Now let’s put those drop covers and painter’s tape to good use. If all of your furniture is in the middle of the room, covering it will be easy. You can get a friend to help you — and if the mountain of furniture is too tall, you can use ladders or chairs to go above it. Once the cover is in place, you can tape it down with painter’s tape or improvise with belts or safety pins (if you have a canvas drop cloth). However, if you do end up using a canvas cover, you should also have some type of plastic underneath it, just in case the paint seeps through.

But your furniture island isn’t the only thing you’ll need to cover. You should also protect your windows by taping them. If you feel confident, you can just tape the edges closest to the walls you’ll be painting. However, you can also put old newspapers over the parts of the window you want to protect, and then use the painter’s tape.

Finally, you’ll need to cover the floor. I’d go for a sturdier plastic tarp here (in fact, thicker plastic is always better than the thin one since you’re able to reuse it). Just lay the cover on the floor and tape it down around the edges. You can either work in pieces or get a tarp large enough for the whole floor and tape all around it.

Additionally, if you have baseboards — those small wooden boards at the bottom of your walls — you can also protect those with tape. And you’ll want to put a piece of tape over the outlets and the light switches as well. Basically, you don’t want to see anything except for the walls you’ll be painting.

9. Prepare the Walls

Now that you’ve cleared everything and covered it, you have to prepare the walls themselves. I do have another article that goes into this in much more detail. But for now, we can talk about the purpose of prepping your drywall. What do you even need to do to get your walls ready for paint?

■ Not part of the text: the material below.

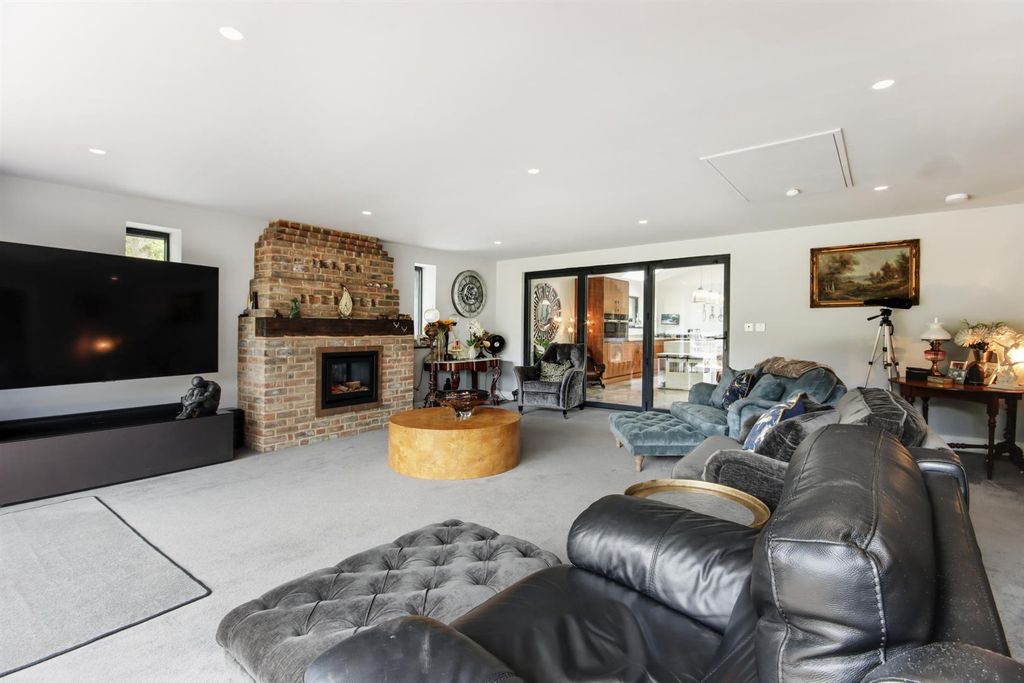 Property photo 2 of 21 61471_030.Jpg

Well, first, you need to get the walls as smooth as possible. That includes:

  • Spackling over any holes in the walls, no matter what size. If you removed the nails from your walls, this would help you cover up the holes. Keep in mind that spackle takes a day to fully dry.
  • Using 220-grit sandpaper or a sanding block to even out the surface of the wall. You will need protective gear for this. Also, the Internet is full of warnings about pre-1978 homes that have lead paint. So you can test for it before you start sanding.
  • Wiping your walls with a damp sponge and a bit of dish soap. That will remove the dust and leave your walls ready for the next step.

10. Prime

The last step before you get to apply your new paint is really optional. However, if you want light paint to show up over dark or vibrant colors, you will need a great primer. I have several primer and paint recommendations in the article I’ve linked to, so I won’t bore you with the details here.

Room Prep for Paint Jobs: Final Thoughts

Once your walls have been primed, there’s nothing else to do but go in with your paint. Trust me, painting your walls yourself is much easier than it may seem. In fact, I find it pretty relaxing. However, if you want to feel more confident about it before you start, I recommend checking out my other guides.

That’s actually how I started to paint my own walls, too. The Internet is full of helpful resources if you know how to find them. Hopefully, these guides will be useful to someone else looking to get into home decor.